The assembly language function TestLDR1_ begins its execution with a ldr x2,=A1 that loads the address array A1 into register X2. Recall from the discussions in Chapter 2 that this form of the LDR instruction is a pseudo instruction. The assembler replaces the ldr x2,=A2 instruction with a ldr x2,offset instruction that loads the address of array A1 from a literal pool. Figure 11-1 illustrates this in greater detail. This figure contains output from the GNU debugger (with minor edits to improve readability) that shows the machine code for the TestLDRx_ functions. Note that the GNU debugger output displays runtime addresses for the LDR pseudo instructions instead of the offsets that are embedded in the instruction encodings.

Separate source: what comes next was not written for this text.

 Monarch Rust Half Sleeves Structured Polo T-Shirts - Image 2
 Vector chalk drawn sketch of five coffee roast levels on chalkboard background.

Figure 11-1. Machine code for TestLDRx_ functions
Dump of .text section
    0x0000aaaaaaaaae80 <A3>:              100 200 -300 400 500 -600 700 800

    0x0000aaaaaaaaae90 <TestLDR1_+0>      02 02 00 58 ldr x2, 0xaaaaaaaaaed0    // ldr x2, = A1
    0x0000aaaaaaaaae94 <TestLDR1_+4>      43 58 60 b8 ldr w3, [x2, w0, uxtw #2]

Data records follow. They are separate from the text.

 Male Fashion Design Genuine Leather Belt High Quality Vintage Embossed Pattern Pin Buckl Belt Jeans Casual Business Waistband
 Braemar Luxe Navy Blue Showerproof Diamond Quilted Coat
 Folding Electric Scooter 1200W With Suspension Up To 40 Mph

    0x0000aaaaaaaaae98 <TestLDR1_+8>:     44 78 61 b8 ldr w4, [x2, x1, lsl #2]
    0x0000aaaaaaaaae9c <TestLDR1_+12>:    60 00 04 0b add w0, w3, w4
    0x0000aaaaaaaaaea0 <TestLDR1_+16>:    c0 03 5f d6 ret
    0x000baaaaaaaaaea4 <TestLDR2_+0>:     a2 01 00 58 ldr x2, 0xaaaaaaaaaed8    // ldr x2, = A2
    0x0000aaaaaaaaaea8 <TestLDR2_+4>:     43 58 60 f8 ldr x3, [x2, w0, uxtw #3]
    0x0000aaaaaaaaaeac <TestLDR2_+8>:     44 78 61 f8 ldr x4, [x2, x1, lsl #3]

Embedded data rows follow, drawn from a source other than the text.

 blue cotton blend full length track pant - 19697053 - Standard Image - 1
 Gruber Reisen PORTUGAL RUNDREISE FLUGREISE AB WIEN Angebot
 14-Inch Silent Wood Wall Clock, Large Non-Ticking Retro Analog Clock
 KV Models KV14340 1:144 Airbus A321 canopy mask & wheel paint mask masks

    0x0000aaaaaaaaaeb0 <TestLDR2_+12>:    60 00 04 8b add x0, x3, x4
    0x0000aaaaaaaaaeb4 <TestLDR2_+16>:    c0 03 5f d6 ret
    0x0000aaaaaaaaaeb8 <TestLDR3_+0>:     42 fe ff 10 adr x2, 0xaaaaaaaaae80 <- PC relative address (A3)
    0x0000aaaaaaaaaebc <TestLDR3_+4>:     43 58 e0 78 ldrsh w3, [x2, w0, uxtw #1]
    0x0000aaaaaaaaaec0 <TestLDR3_+8>:     44 78 e1 78 ldrsh w4, [x2, x1, 1s1 #1]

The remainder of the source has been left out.